- Film poster
- Directed by: Mathieu Denis
- Written by: Mathieu Denis
- Produced by: Félize Frappier
- Starring: Anthony Therrien; Antoine L'Écuyer; Karelle Tremblay; Tony Nardi; Marie Brassard;
- Cinematography: Steve Asselin
- Edited by: Nicolas Roy
- Music by: Olivier Alary
- Production company: Max Films Média
- Distributed by: Les Films Christal / Les Films Séville
- Release date: 17 April 2015 (Canada);
- Running time: 119 minutes
- Country: Canada
- Language: French
- Budget: C$4.1 million

= Corbo =

Corbo is a 2014 Canadian drama film written and directed by Mathieu Denis. Based on the life of Jean Corbo, the film follows his involvement with the Front de libération du Québec.
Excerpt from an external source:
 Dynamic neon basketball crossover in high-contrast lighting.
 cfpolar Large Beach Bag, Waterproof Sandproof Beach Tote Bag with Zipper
It premiered at the 2014 Toronto International Film Festival and was included in Canada’s Top Ten in 2014. The film received several nominations at the Canadian Screen Awards and the Jutra Awards.

== Synopsis ==
Based on a true story, the film follows Giovanni (Jean) Corbo, the teenage son of Italian immigrant Nicola Corbo and his French-Canadian wife Mignonne, who becomes involved with the Front de libération du Québec after a chance meeting with two young activists, Julie and François.

==Cast==
The cast includes:

- Anthony Therrien as Jean Corbo
- Tony Nardi as Nicola Corbo
- Karelle Tremblay as Julie
- Antoine L'Écuyer as François
- Marie Brassard as Mignonne Corbo
- Jean-François Pronovost as Jean’s brother
- Dino Tavarone as Achille Corbo
- Francis Ducharme as Mathieu
- Simon Pigeon as Jacques
- Maxime Mailloux as Alain
- Laurent-Christophe De Ruelle as Louis
- Jean-François Poulin as Robert
- Stéphane Demers as Professeur Lacasse

== Production ==
The film was written and directed by Mathieu Denis and produced by Félize Frappier. Filming took place in Montreal and the surrounding area from 3 September to mid-October 2013. The film had an approximate budget of C$4.1 million.

==Release==
The film had its world premiere at the 2014 Toronto International Film Festival, where it was shown in the Discovery section. It was released in theatres on 17 April 2015.

== Reception ==

=== Awards and nominations ===
The film received three Canadian Screen Award nominations at the 4th Canadian Screen Awards in 2016: Best Motion Picture, Best Supporting Actor for Tony Nardi, and Best Costume Design for Judy Jonker. It also received ten Jutra Award nominations at the 18th Jutra Awards, and was shortlisted for the Prix collégial du cinéma québécois in 2016.

=== Critical response ===
The Hollywood Reporter wrote that the film had a “slightly airless quality”, and that the “fervor” needed to explain Corbo’s move from distributing FLQ newspapers to involvement in the group’s violent actions was “largely undetectable”. The review called Steve Asselin’s cinematography “a standout”. The Film Stage called the film “beautifully shot” and “brilliantly acted”, and wrote that its gradual pace increased the story’s “emotionality and tragedy”.

== Festival screenings ==
In 2014, the film was screened at the Atlantic Film Festival, the Vancouver International Film Festival, the International Film Festival of India in Goa, and the Windsor International Film Festival, and was included in Canada’s Top Ten. In 2015, it screened in the Generation section of the Berlin International Film Festival.